Esa soltura, ese calor que incluso ciego y medio paralítico mostraba hacia una
mujer eran más que reveladores.
-¿Sabe usted?
Cuando empecé a sufrir cierto grado de ceguera y comprendí que no podría seguir
escribiendo (por entonces escribía diez horas al día desde hacía cincuenta años
y fueron los mejores momentos de mi vida), cuando comprendí que para mí eso se
había minado, me quedé muy afectado y llegué incluso a pensar en suicidarme.
Al ver que yo no
decía nada y al sentirme aterrada ante la idea de su martirio, añadió:
-Pero ni siquiera
lo intenté. Hasta entonces había sido un hombre tan feliz, había sido hasta ese
momento un hombre, un personaje tan hecho para la felicidad, que no iba a
cambiar de rol así, de golpe. Sigo siendo feliz, por pura costumbre.
Y cuando le oía
hablar así, oía también lo que no decía: para no destruir, para no afligir a
los míos, a las mías. Y sobre todo a esas mujeres que a veces le llamaban a
medianoche, cuando volvíamos de nuestras cenas, o por la tarde, cuando
tomábamos el té, y que sonaban tan exigentes, tan posesivas, tan dependientes
de ese hombre enfermo, ciego y desposeído de su oficio de escritor. Esas mujeres
que por su propia desmesura le restituían la vida, su vida de hasta entonces,
su vida de mujeriego, de pendón, de mentiroso, de hombre compasivo o de
comediante.
Después, ese último
año Sartre se marchó de vacaciones, unas vacaciones divididas entre tres meses
y tres mujeres, que él afrontaba con una amabilidad y un fatalismo sin falla.

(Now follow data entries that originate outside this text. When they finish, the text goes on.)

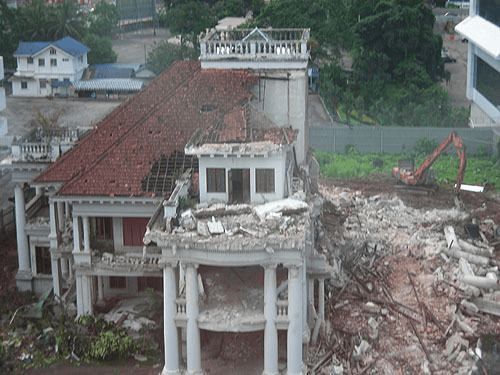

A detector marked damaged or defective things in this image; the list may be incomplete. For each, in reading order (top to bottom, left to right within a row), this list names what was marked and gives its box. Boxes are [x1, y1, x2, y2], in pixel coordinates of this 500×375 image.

broken roof section [34, 61, 258, 200]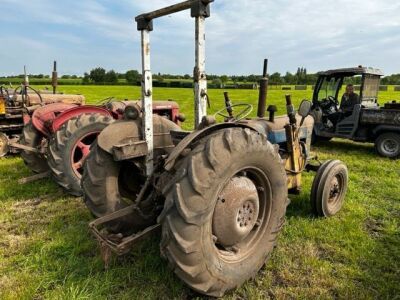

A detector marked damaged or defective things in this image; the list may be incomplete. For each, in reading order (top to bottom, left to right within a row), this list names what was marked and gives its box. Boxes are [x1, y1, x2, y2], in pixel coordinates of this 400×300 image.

rusty metal frame [136, 0, 214, 176]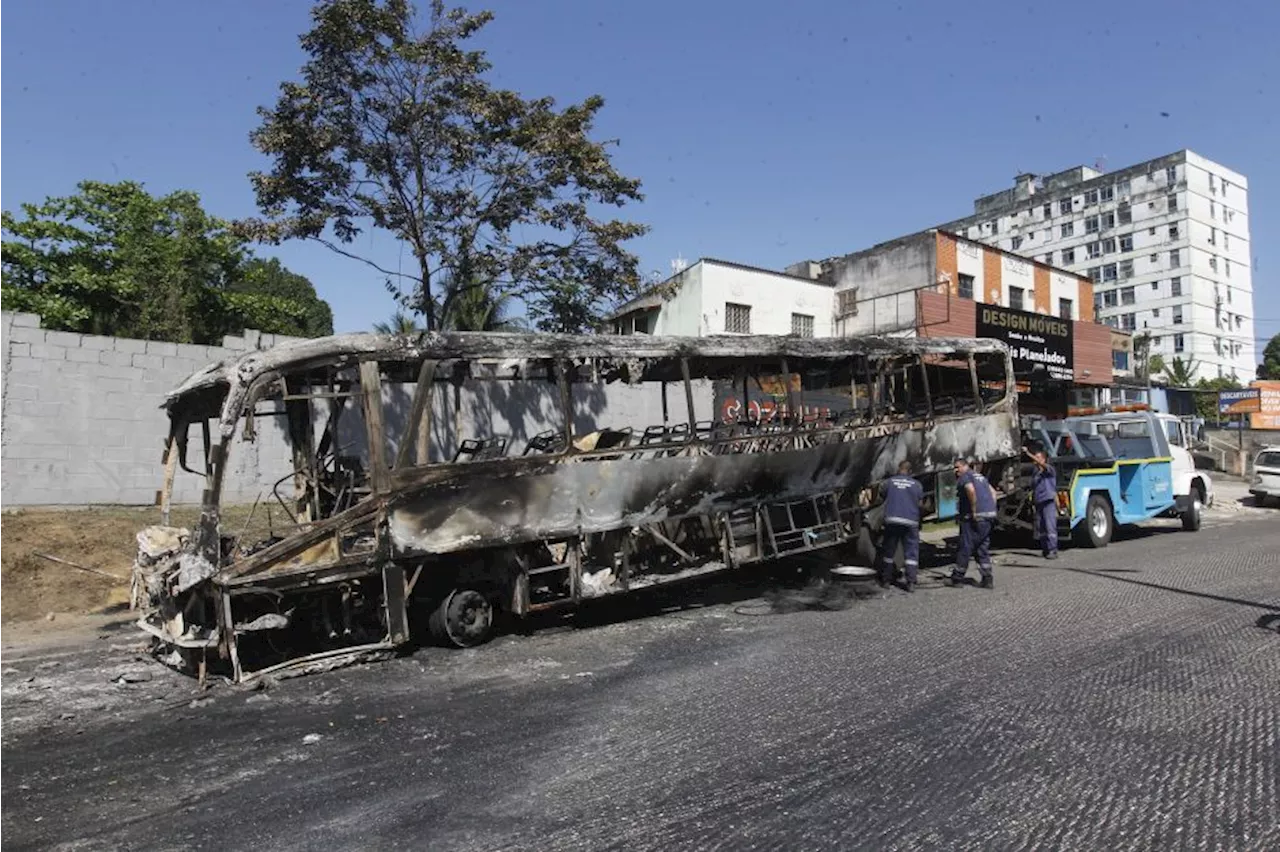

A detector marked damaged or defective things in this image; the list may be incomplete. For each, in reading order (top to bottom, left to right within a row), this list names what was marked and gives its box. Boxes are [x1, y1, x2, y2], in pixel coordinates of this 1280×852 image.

charred bus frame [127, 327, 1008, 680]
charred bus interior [135, 330, 1013, 675]
burned bus [132, 330, 1018, 675]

Durante todo el verano creí haberle perdido un poco. Al llegar el otoño regresó
y volvimos a vernos. Y pensé que esta vez yo estaría «para siempre»: para
siempre mi coche, su ascensor, el té, las cintas, esa voz divertida, a veces
tierna, esa voz segura. Sin embargo, otro «para siempre» le esperaba ya.
Desgraciadamente un «para siempre» que sólo le incluía a él.
Fui a su entierro
sin dar demasiado crédito. Sin embargo resultó un hermoso entierro, con miles
de personas de todo tipo que también le querían, le respetaban, y que le
acompañaron durante kilómetros hasta su última morada. Personas que no habían
tenido la desgracia de conocerle y de verle durante todo un año, que no tenían
en la cabeza cincuenta lugares comunes desgarradores de él, personas que no le
echarían de menos cada diez días, todos los días, personas a las que envidié y
compadecí a la vez.
Y si después me he
indignado, naturalmente, ante los vergonzosos relatos en que se retrataba a un
Sartre chocho, obra de algunas personas de su entorno, si he dejado de leer
ciertos recuerdos de él, no he olvidado su voz, su risa, su inteligencia, su
valor y su bondad. Estoy sinceramente convencida de que jamás me recuperaré de
su muerte. Pues a veces, ¿qué hacer? ¿Qué pensar? Sólo ese hombre inado podía
decírmelo, sólo a él podía creerle. Sartre nació el 21 de junio de 1905, yo el
21 de junio de 1935, pero no creo (de hecho, no tengo ninguna necesidad de
ello) que me queden más de treinta años sin él en este planeta”.
Francoise Sagan
Fuente│ El Cultural.es.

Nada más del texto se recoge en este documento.